Jan 17, 2019/EqualOcean- Danke Apartment (蛋壳公寓), a Beijing-based online long-term apartment rental platform backed by Tiger Global, announced that it has acquired Ai Shang Zu (爱上租), a Hangzhou-based rental brand for USD 200 million, a record-setting in China's rental housing market. After the acquisition, Ai Shang Zu 's assets and shares will be wholly merged into Danke, pushing the number of listings to near 400,000, reported by Sina Tech.
Ai Shang Zu has been developing offline in Yangtze River Delta region, the flourish region in Southeastern China. Danke has a core competitive on internet big data and business intelligence, along with its brand name around China, the two collaboration will generate a synergy effect and improve Danke’s operational efficiency and service quality.
It is crucial for long-term rental companies to achieve an economic scale, only with large scale operation, those companies can reduce costs and improve efficiency.
It’s an inevitable trend for China’s long-term rental industry to concentrate industries resources. This burgeoning industry has sprung up for the past few years, and a large amount of cash poured into it. Ziroom (自如), a rival of Danke and previous department of China’s largest real estate brokerage Lianjia (链家) , raised CNY 4 billion in January 2018 from Tencent Holdings and Sequoia Capital and other investors. Danke was said to close a new round funding from several investors including Tiger Global at a valuation of USD 1.5 billion in Dec 2018. In 2018, the company announced two rounds of funding of 170 million.
Danke Apartment claimed it had operated 250,000 apartments and expected to reach 300,000 by the end of 2018 as of November 2018. About 1.66 million rooms were owned or managed by rental housing companies and developers at the end of last year, according to a report by Meadin.com (迈点).
Ziroom had about 500,000 rooms in China and commanded a market share of 30% in Chinese rental housing market in 2017, and Xiangyu (相寓), a rental unit owned by 5I5J, occupied 27% of the market (see this article).

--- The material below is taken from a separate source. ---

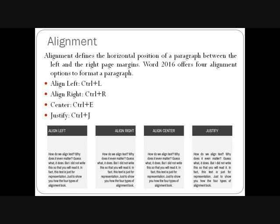First, we will go with alignment. Alignment defines the horizontal positioning of a paragraph between the left and the right page margins. Word 2016 offers four alignment options: align left, align right, center, and justify. The keyboard shortcuts are Ctrl+L, Ctrl+R, Ctrl+E, and Ctrl+J respectively. Align left means it aligns to the left margin. Align right means it aligns to the right margin. Align center places text in the center. Justify means it is aligned to both the left and the right margin together.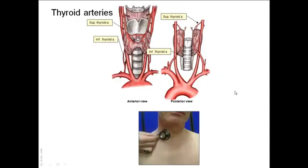Concerning the arterial blood supply of the thyroid gland, the thyroid gland is an endocrine gland and it has a profuse blood supply. The arterial supply is provided by two pairs of arteries: the superior thyroid artery and the inferior thyroid artery.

Ever since Chinese President Xi Jinping indicated that housing should be for living in, not for speculation in Oct 2017, such real estate developers as China Vanke Co. and Longfor Group Holdings soon promised to make renting as important as purchasing. Local government also released related protocol to boost the rental housing volume. The market, however, has endured some backfire in last summer, rents in China’s major cities soared in the double-digits, Ziroom, Danke and Xiangyu pledged not to raise rents and enhance their listings in two months on August 20 after Beijing Real Estate Agency Association (BREAA) involved in this issue.